Es algo casi mágico. Llega diciembre y, a medida que se acerca la Navidad, nos ponemos más nostálgicos. Nuestros sentimientos de fe, esperanza y caridad parecen colocarse, como una brillante pantalla, justo encima del corazón, haciéndonos actuar como Santa Claus, Papá Noel u otros nombres, según las distintas regiones. Estas diversas versiones, ancestrales y modernas, generan una cacofonía de personajes, pero con la misma intención: repartir amor a través de la caridad, especialmente hacia los niños, lo que también nos alcanza a los adultos.
Este acontecimiento se celebra en todo el planeta (con algunas excepciones); sin embargo, según la cultura, los modos de vivir y las creencias, se festeja de maneras diferentes.
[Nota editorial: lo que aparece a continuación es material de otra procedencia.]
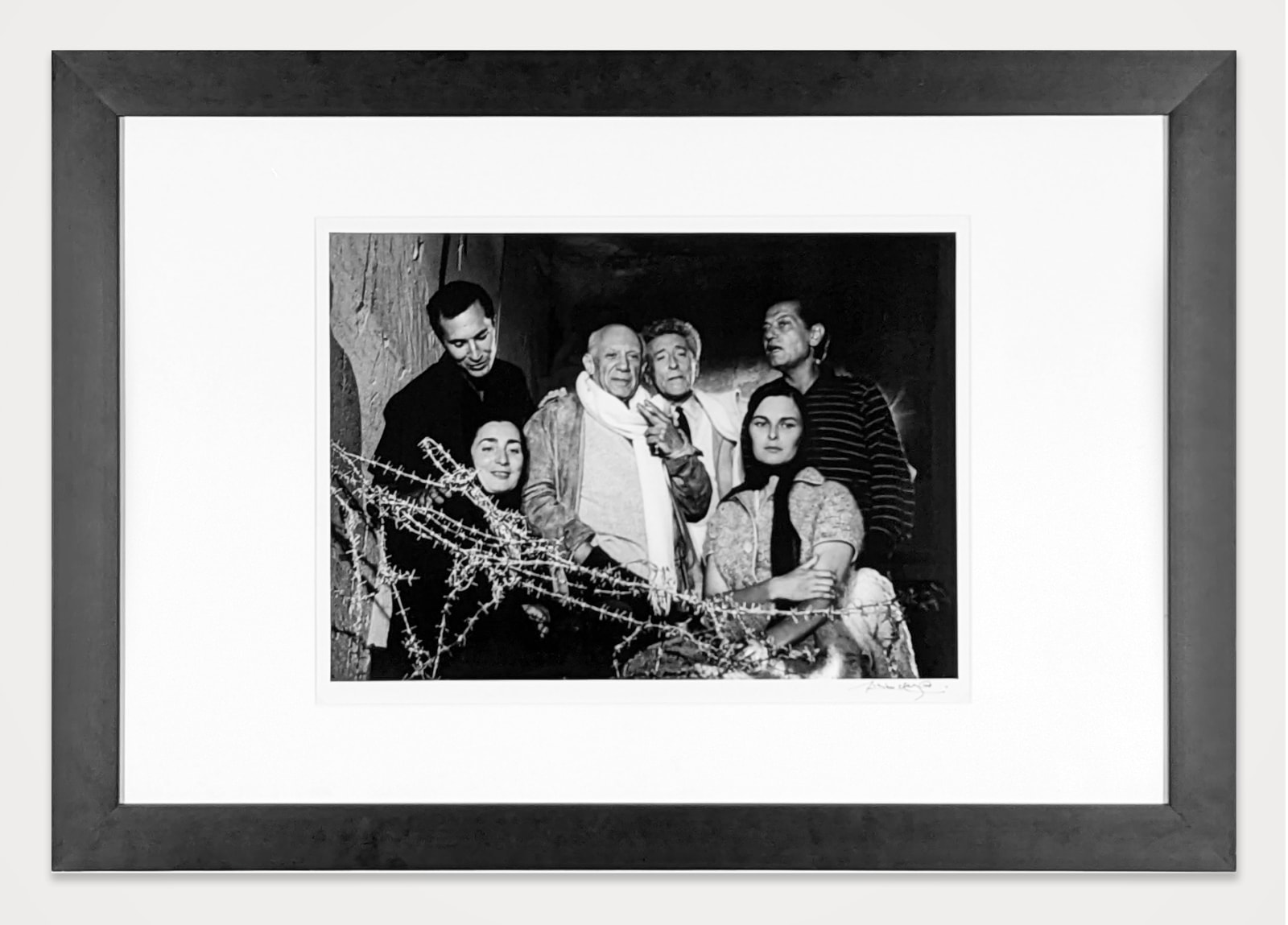 Framed black and white photograph of the Varykino estate,a large building with icicles and horses surrounding the estate, on the set of “Doctor Zhivago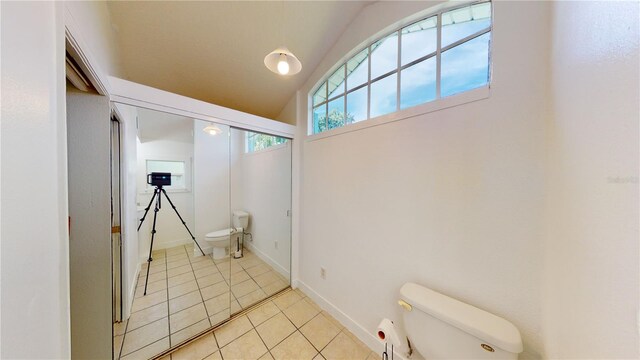 bathroom featuring tile patterned flooring, baseboards, lofted ceiling, and toilet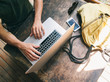 © Marija Savic/Stocksy - Man Working on Laptop at his Desk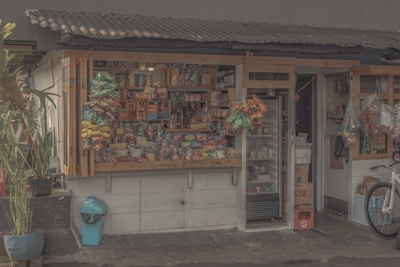 A cozy sari-sari store corner with various packaged treats and beverages.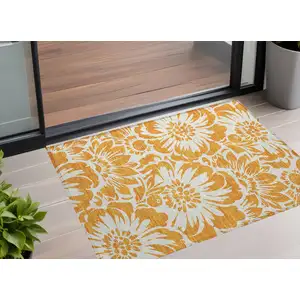 Photo of 3' X 5' Orange and White Floral Washable Non Skid Indoor Outdoor Area Rug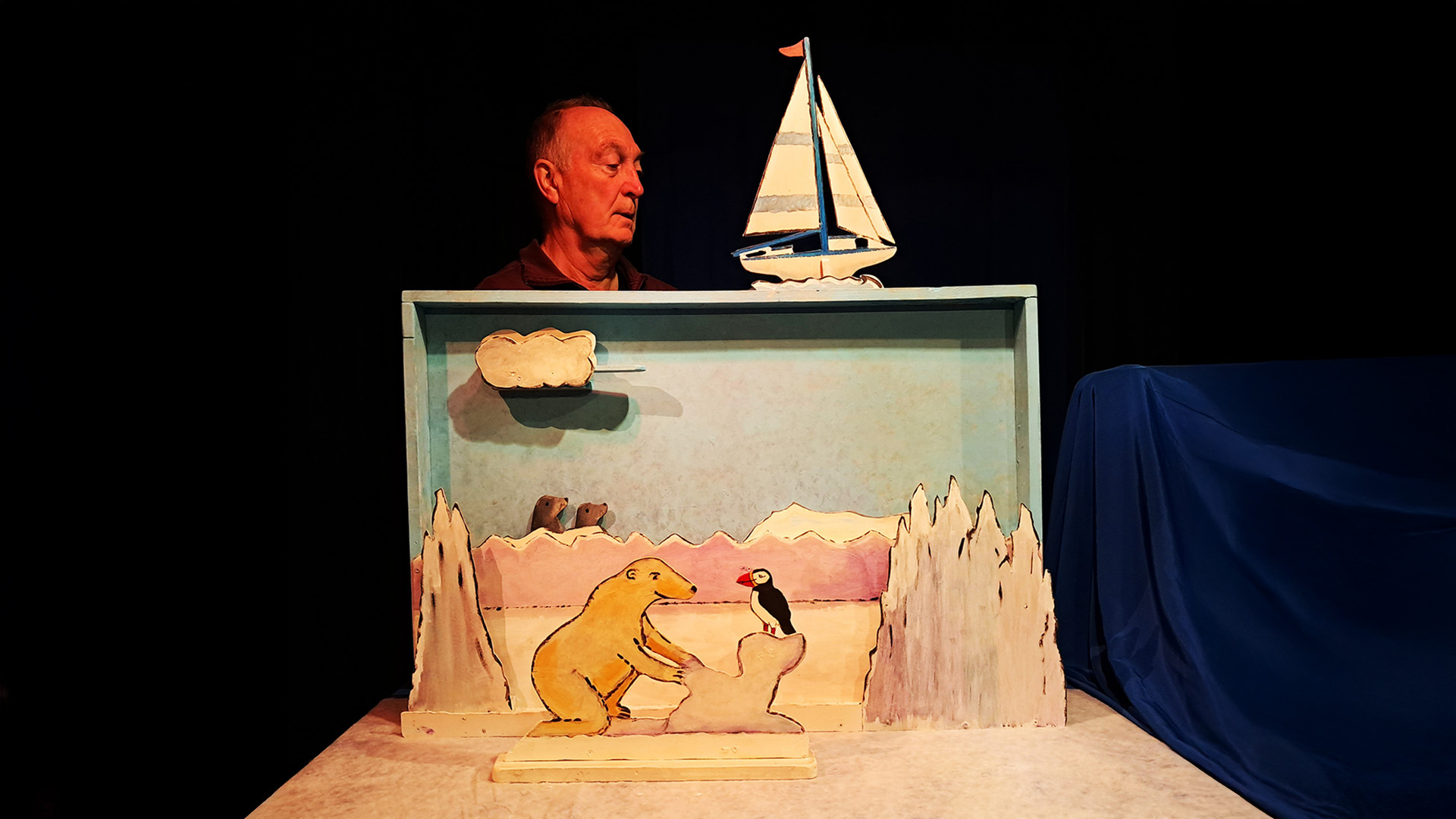 Man operates a small puppet theater depicting a polar bear and a puffin with a painted backdrop of icebergs and a sailboat.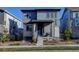 Two-story modern home with gray siding and a front porch at 8984 Eagle River St, Littleton, CO 80125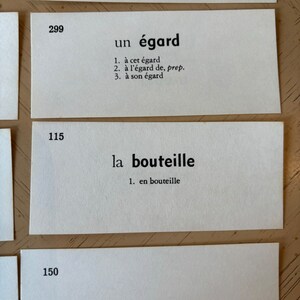 Op de afbeelding: Drie witte indexkaarten met zwarte tekst. De eerste kaart heeft het nummer 299 en het woord "un &eacute;gard" met drie definities. De tweede kaart heeft het nummer 115 en het woord "la bouteille" met &eacute;&eacute;n definitie. De derde kaart heeft het nummer 150 en het woord "la chemin&eacute;e".
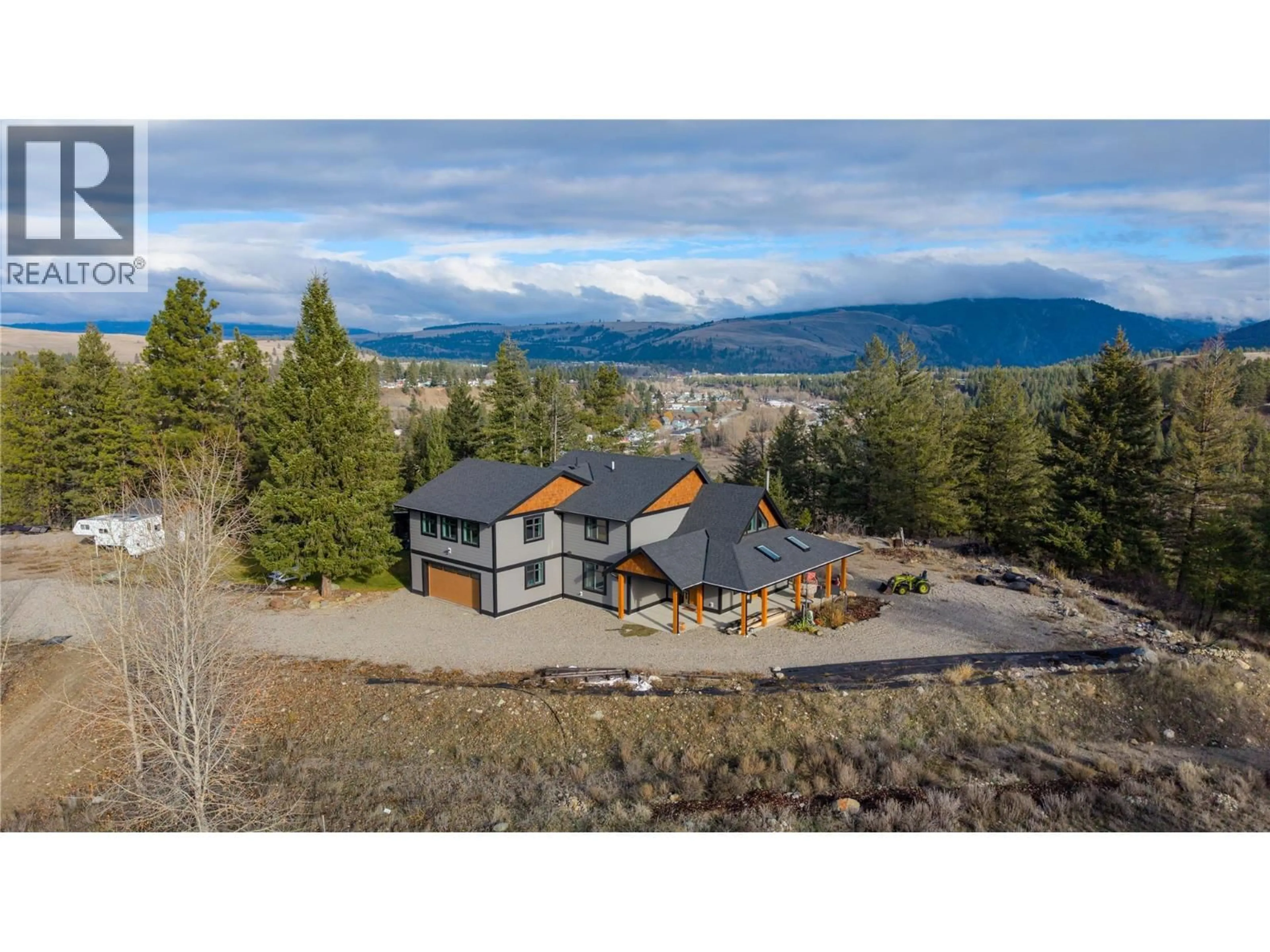A pic from outside/outdoor area/front of a property/back of a property/a pic from drone, mountain view for 3-640 HWY 3 OTHER, Princeton British Columbia V0X1W0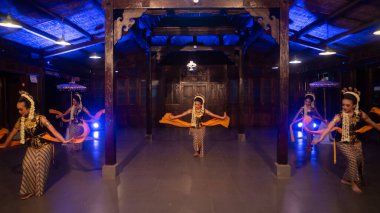 Sarı kostümlü bir grup Sundanyalı dansçı gece mavi ışığın önünde geleneksel bir dans ediyorlar.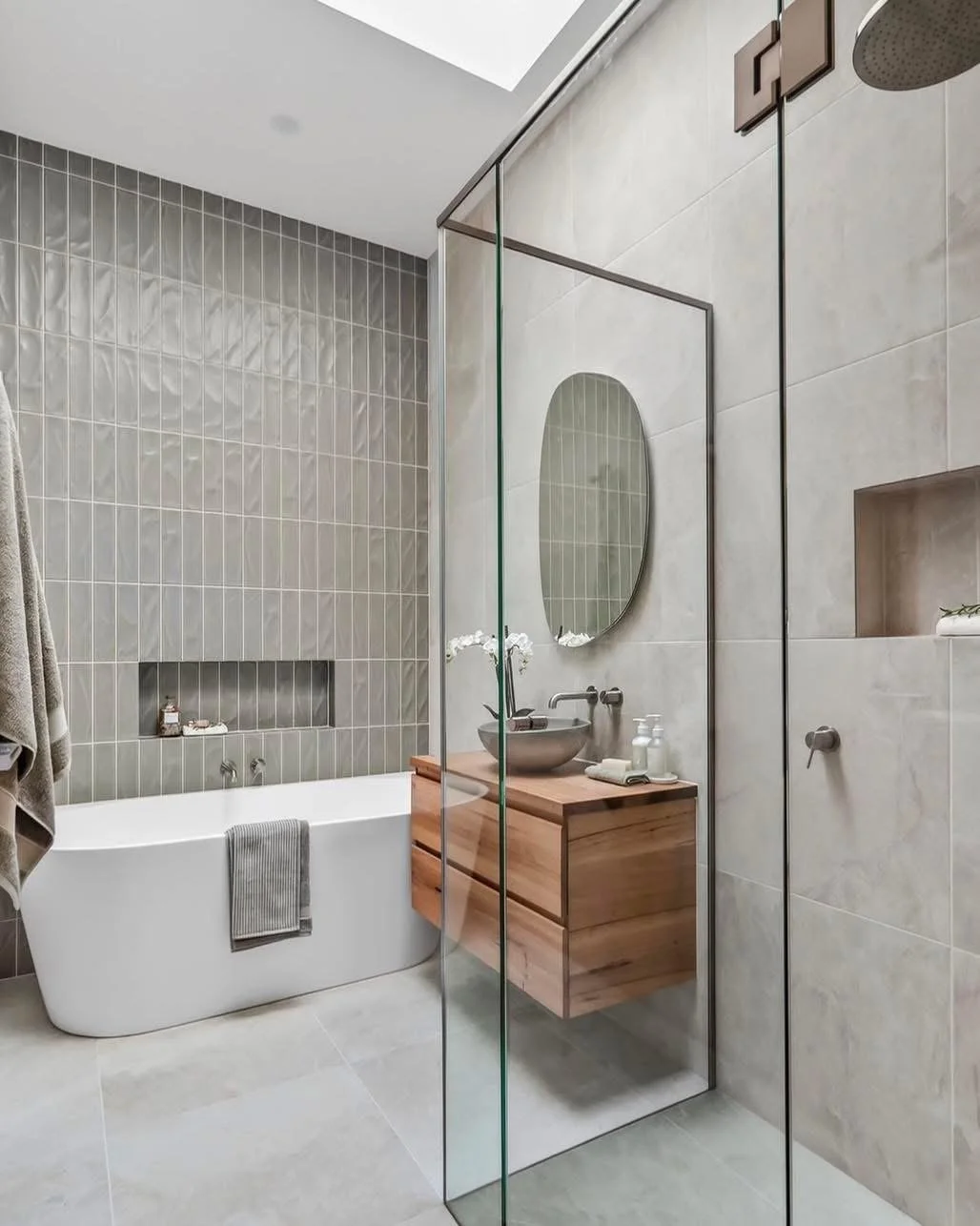 Modern bathroom with a bathtub, a wooden vanity with a vessel sink, a wall-mounted oval mirror, and a glass-enclosed shower area.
No podría ser de otra manera, pues lo que nos une es la celebración del nacimiento de Jesús, el enviado de Dios, el ser de luz y amor.
Recuerdo con nostalgia mis Navidades en mi pueblo natal, en plena Amazonía sudamericana. Tenía 10 años y, la noche del 24 de diciembre, a las 20 horas, me encontraba parado frente a una vitrina en el corredor que daba a la avenida principal de La "Kantuta". Detrás del cristal estaba un arreglo navideño: todo en color blanco, con árboles de pino cubiertos de nieve y figuras blancas con corbatines rojos. Muchos años después supe que eso representaba la nieve. Aquello transmitía una paz que, combinada con alegría y fragancia de amor, me cautivó tanto que me transporté a ese lugar que nunca olvidaré.
A través de los años, he visto pasar y vivido este ciclo que considero uno de los milagros más grandes del amor que el ser humano puede profesar a sus semejantes. En nuestra niñez, Papá Noel se convertía en el héroe que nos hacía creer que premiaría nuestro comportamiento; a él, le podíamos pedir nuestros deseos.
Sin querer, con el paso del tiempo, aquellos que nos hicieron creer en nuestro héroe, Papá Noel, se convierten en el Grinch, con su vocecita chillona y desagradable, despojándonos del encanto mágico que crearon cuando éramos niños. "¡No existe Papá Noel!" es el grito que resuena, dejándonos en la nada, donde los regalos no tienen el mismo valor, ni la misma esperanza y aprecio que antes. Caído el telón, nada más queda porque, al hombre, se le salió el orgullo y el ego. Es él quien hace el regalo, y no Papá Noel; vaya pedantería.
En otro escenario glorioso para el ser humano, en reuniones de corazones, decidimos difundir el amor, hacer brillar la esperanza y practicar la caridad. En una conmovedora comisión, cruzamos el círculo polar antártico hacia Rovaniemi, en la región de Laponia, Finlandia, donde nos reunimos con Papá Noel y llegamos al siguiente acuerdo: respetar la gran labor de Papá Noel y afirmar que su existencia seguirá viva en los corazones de los seres humanos. Tendrá toda la libertad para llegar todos los años en diciembre como el héroe de los niños y adultos, repartiendo amor, alegría y muchos regalos por toda la Tierra.
Por su parte, Papá Noel otorga a todas las naciones del mundo la franquicia de código abierto, liberando la magia para que se pueda vivir la navidad, todos los días del año esparciendo por toda la tierra, el encanto y la alegría de dar y recibir amor en cada uno de nuestros actos recibiendo la gracia, para que habite el niño Jesús en nuestros corazones. Otorgándole al hombre, si cumple los requisitos, el título para que pueda gritar a los cuatro vientos, durante 11 meses al año: ¡el héroe soy yo!
Pero bueno chicos, eso será a partir del primero de enero del próximo año. En tanto y por cuanto a esperar a Papa Noel para abrir sus regalos. ¡Feliz navidad! Jojojojojo.